今月の幹事会だよりは、杉村晃一(1964文新)が担当します。

◆最近の選挙報道に思う

 選挙は、議員選挙であれ首長選挙であれ、清き1票をもって、「ふさわしい人」を選ぶ民主主義の枢要な行為であると教えられてきました。選挙制度も立候補者には「公平」を旨とし、同じスペースの選挙公報が選管から配られます。「投票は有権者の権利であり義務である」という建前も信じる私は、選挙のたびに投票にはいきますが、いいことだけを並べた選挙公報では、「ふさわしい人」かどうかは判断できず、結局、所属政党で人を選んでしまいます。
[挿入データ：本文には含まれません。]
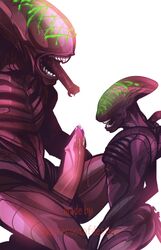 alien alien_(franchise) big_penis erection male penis precum size_difference squarerootofdestiny teeth xenomorph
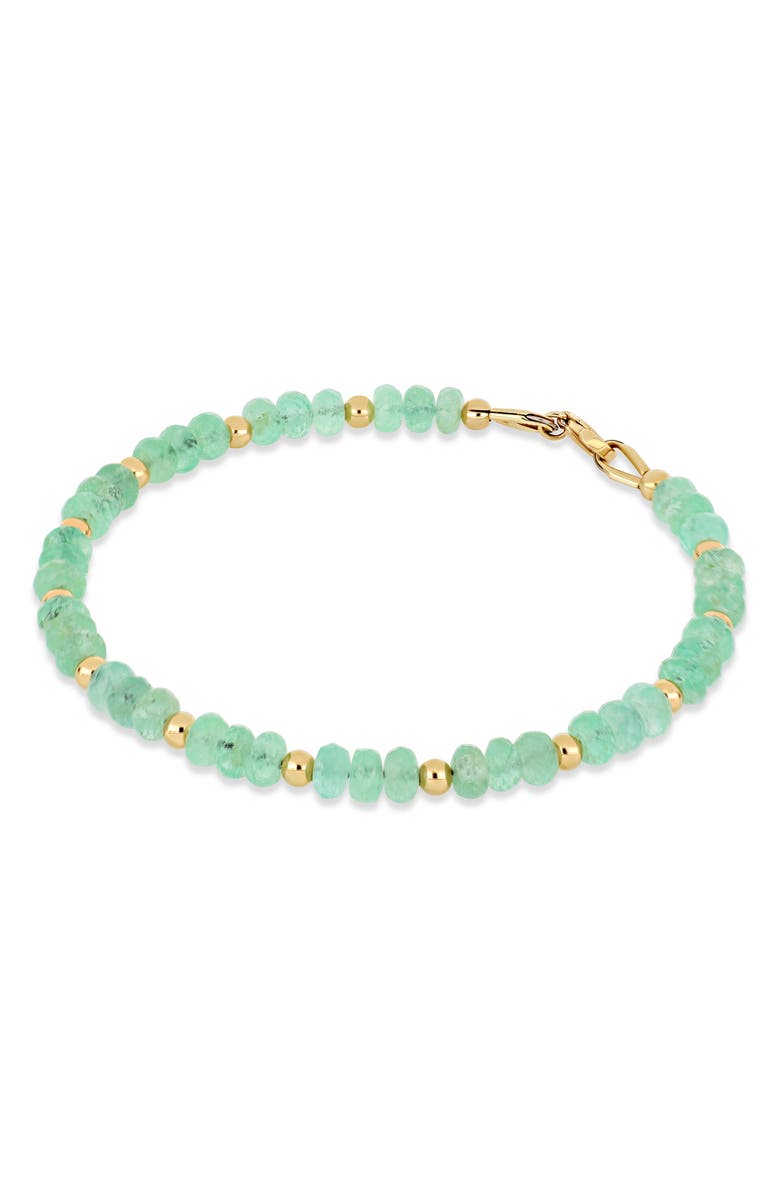 Bony Levy 14K Gold Iris Emerald Beaded Line Bracelet, Alternate, color, Green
選挙中の新聞や放送の報道も、候補者に平等を旨とし、選挙公報の域を出ていません。
杉村さん960x720 東京都知事選挙での石丸候補の得票数、不信任で失職した知事が再選された兵庫県知事選挙には驚かされました。様々な分析や総括がなされていますが、私が注目したいのは、候補者のネット活用戦術が、いままで選挙に関心を持たなかった層を投票所に向かわせたという事実です。行動に向かわせる情報を得たからでしょう。
 いろいろなメディアに真偽不明の情報が飛び交い、選挙をアテンションビジネスの場と捉えて、法に禁止と書かれてなければ何をやってもいいとする候補者が出てくる昨今の選挙風景です。ただ、ニュースの「信頼度調査」では、新聞、テレビなどの伝統的メディアが、ネットメディアに勝っています。
 真の公正な選挙報道とは何か。今年は参議院議員選挙の年。伝統的メディアが選挙中は報道を控えることを善とすることなく機械的平等論に陥ることもない選挙報道を模索してくれることを期待しています。